**MATERIAL FOR THE TASK:**

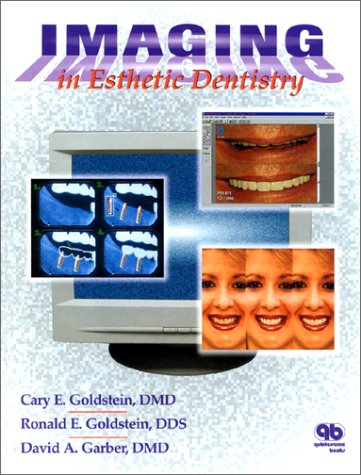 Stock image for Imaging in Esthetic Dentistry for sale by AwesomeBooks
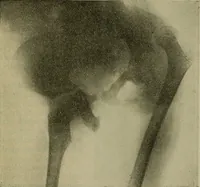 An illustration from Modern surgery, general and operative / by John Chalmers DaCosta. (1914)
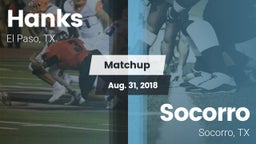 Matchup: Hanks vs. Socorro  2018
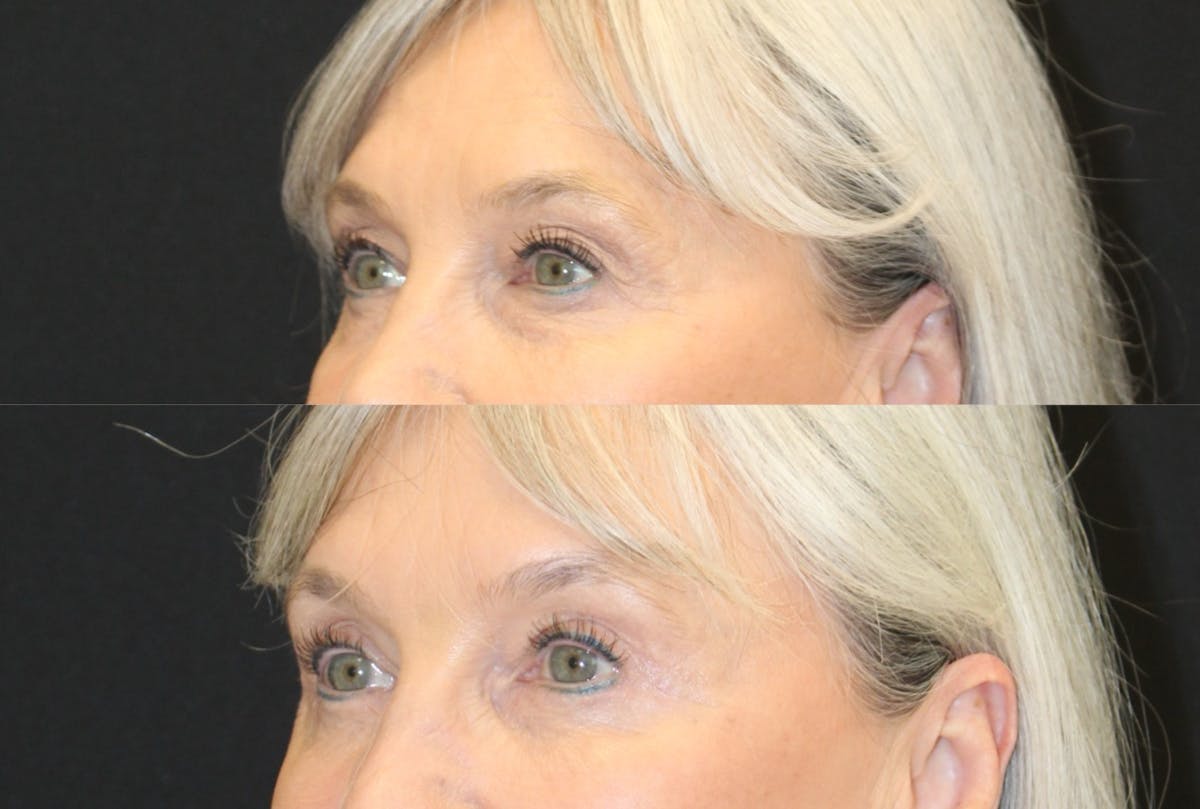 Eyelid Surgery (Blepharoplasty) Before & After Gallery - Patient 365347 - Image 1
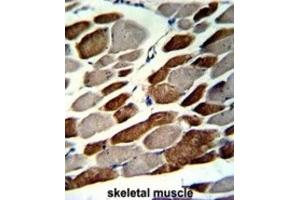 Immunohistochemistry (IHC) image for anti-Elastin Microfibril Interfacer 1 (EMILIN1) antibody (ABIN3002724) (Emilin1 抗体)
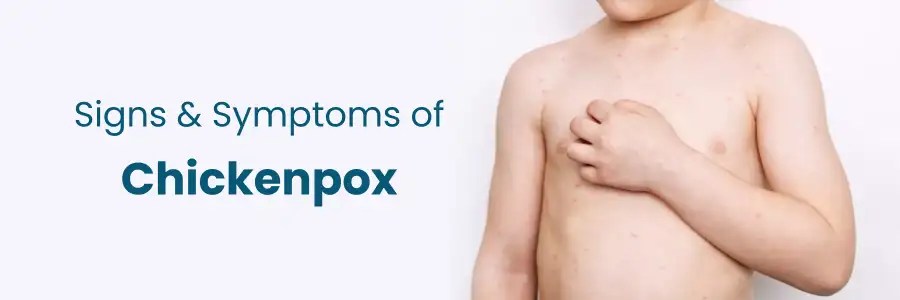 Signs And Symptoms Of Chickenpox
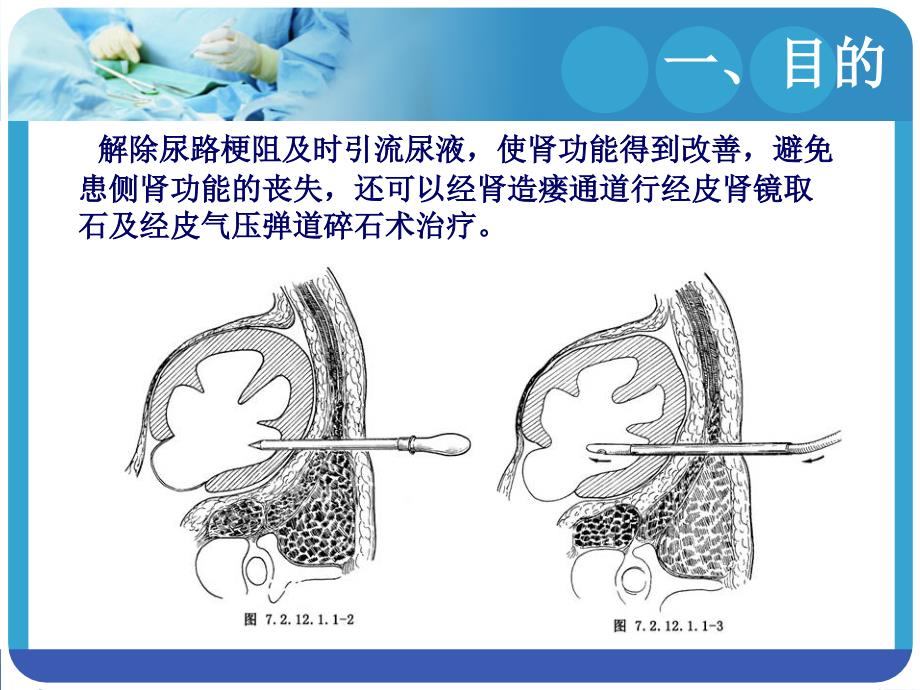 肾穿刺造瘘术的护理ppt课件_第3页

**PROBLEM DETAILS:** Only the lines from the one containing "Signs And Symptoms Of Chickenpox" through the last line of the data above, both included, belong in the reply, each restated exactly and without pictures.

**ANSWER TO THIS PROBLEM:**
 Signs And Symptoms Of Chickenpox
 肾穿刺造瘘术的护理ppt课件_第3页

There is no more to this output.